*** Opening of Dataset extract ***

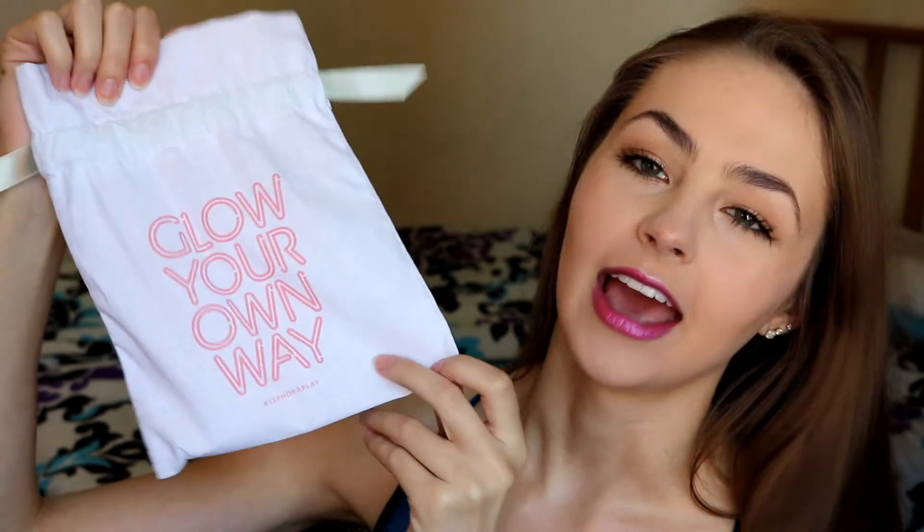This month's theme is the Gleam Team, and the bag is this little drawstring bag that says 'Glow Your Own Way.' It is kind of cute — I don't totally hate it — but I don't know what I would do with a little drawstring bag like this.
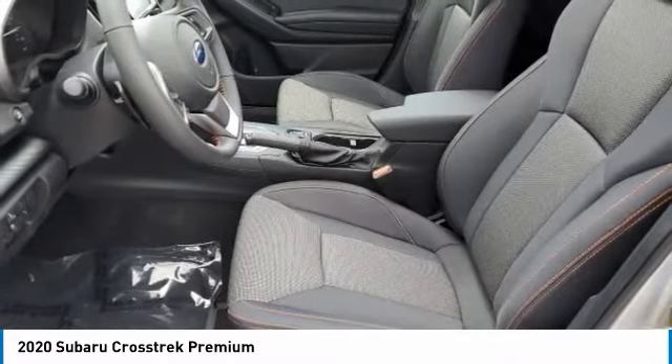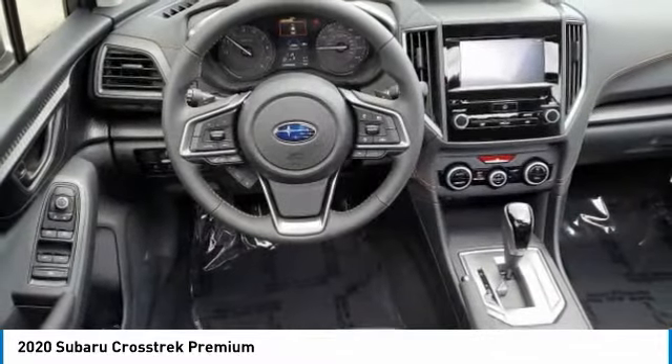Privacy glass, fog lamps, remote trunk release, four-wheel disc brakes. Come take a test drive today.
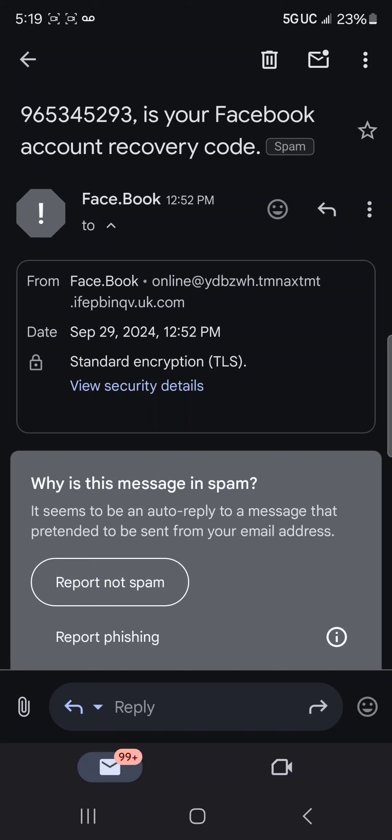This is a scammer. If you press anything else on this or respond to it, they will do very bad things to your device — steal your information and all kinds of stuff.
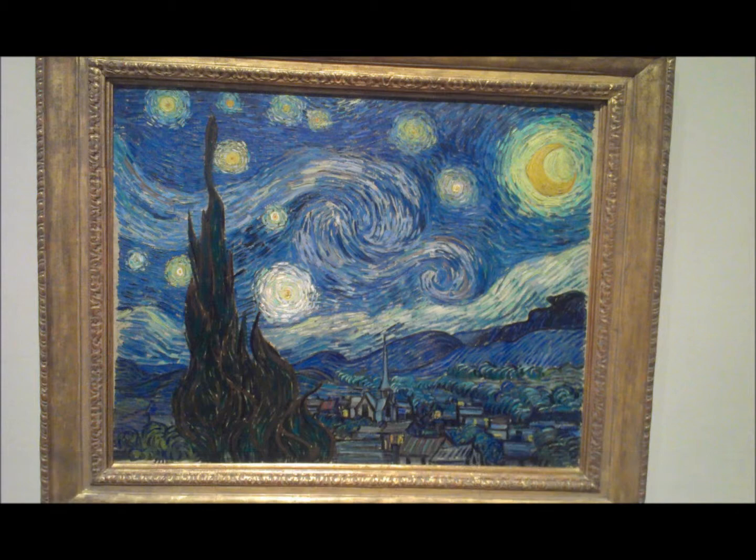And the number one artwork is Illuminated Pleasures by Salvador Dali. Though this work is not likely in many top ten lists, I feel that this painting captures the surrealism movement so perfectly and can captivate the senses and play with your imagination.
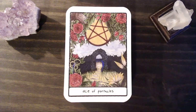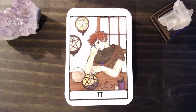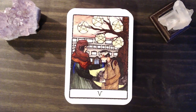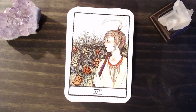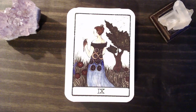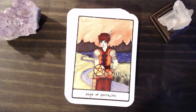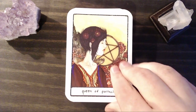World. We have our Ace of Pentacles. The Two, Three, Four, and Five. Six. Seven. Eight — I love this Eight of Pentacles where she's painting. Nine. Ten — I love the lanterns and the trees. Page. Knight. Queen. And King.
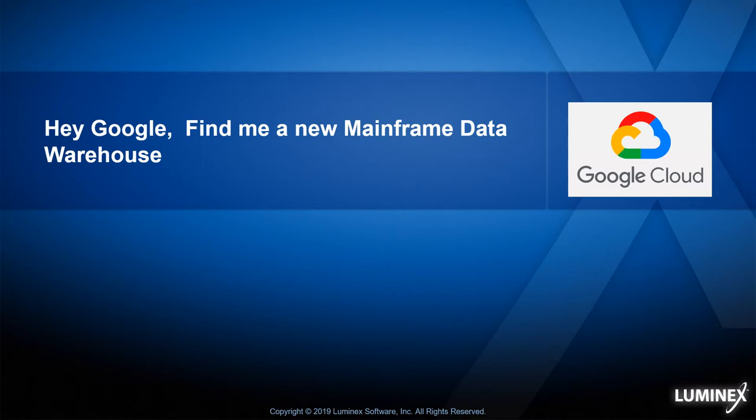We're going to talk about one of our customers that's been sending that data out to Google for analytics.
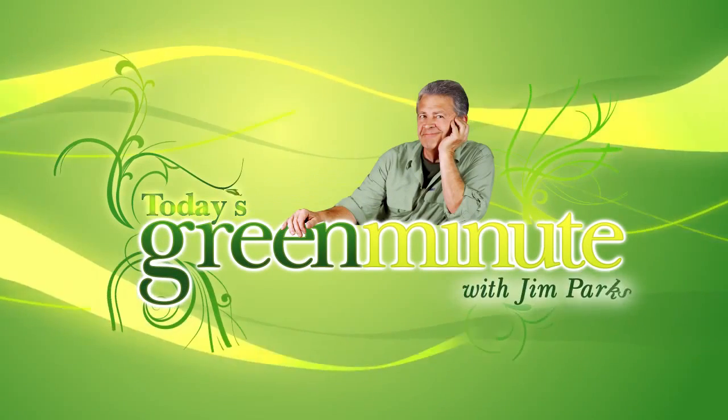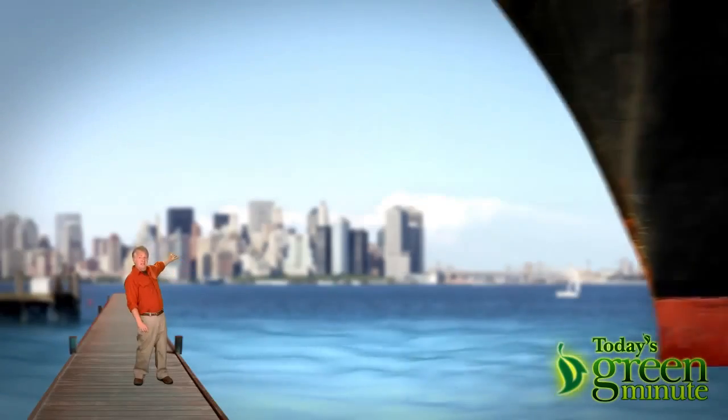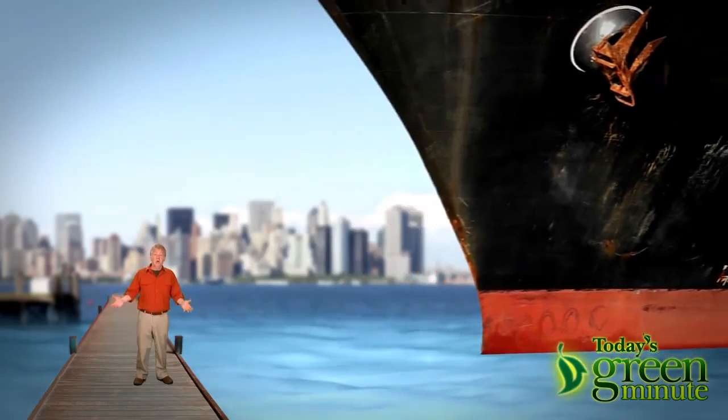This is today's Green Minute, and I'm Jim Parks. If you've ever seen a cargo ship, you know how big these things are, and you can probably imagine that they need to burn a whole lot of fossil fuel to push all that stuff around the world.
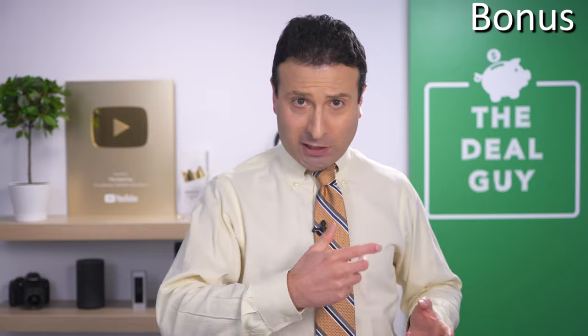Thank you so much for watching to this point. Don't forget to check out the other hottest holiday buys from not just the warehouse clubs, but your other favorite retailers, all featured right here on the channel. Bye-bye.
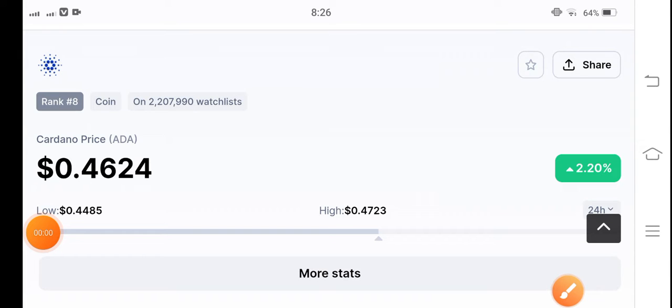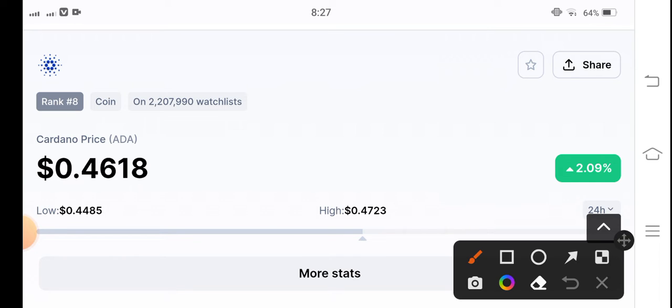Cardano coin holders, how are you? Hope you're feeling well guys. Welcome back to another latest update video about Cardano coin. Let's start the video without wasting any time, but before starting make sure to hit the subscribe button and press the bell icon for new video notifications.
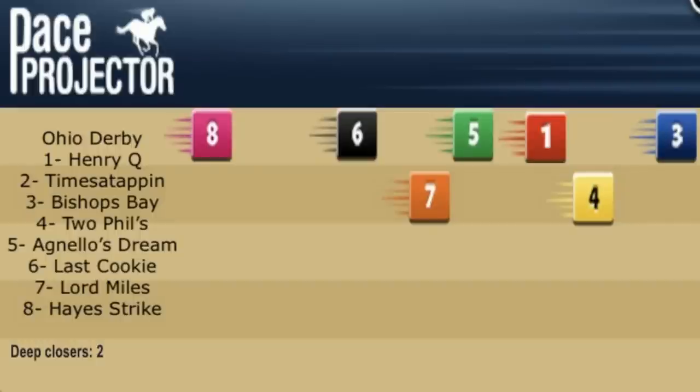There are three other horses we haven't mentioned — Times a Tappan, Agnello's Dream, and Last Cookie are all local horses. Unlike some races where I give local horses a real look, I don't know that I can recommend any one of those three in this Ohio Derby. These local horses have only run at Mahoning Valley or Thistledown, and more significantly, they are basically first-level allowance horses. The class level they're running at those Ohio tracks just doesn't suggest they can step up and run a big race. It should be the top five we focus on, with Two Fills leading the way but four decent challengers.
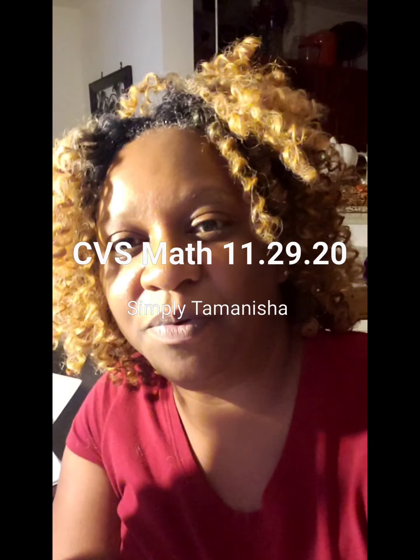Hi everyone, I am Simply Tamanisha and welcome back to my channel. We're doing this week, Sunday November the 29th, the numbers for your CVS shopping. I'm going to show you how to stack your coupons, which coupons you need to go in the app to get, and what you should expect out of pocket.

*** Close of Dataset extract ***

## Required action
Write out the lines above from the one with "Privacy glass, fog" through the one with "This is a scammer.", ends included, exactly; no picture goes in.

## Completed exercise
Privacy glass, fog lamps, remote trunk release, four-wheel disc brakes. Come take a test drive today.
This is a scammer. If you press anything else on this or respond to it, they will do very bad things to your device — steal your information and all kinds of stuff.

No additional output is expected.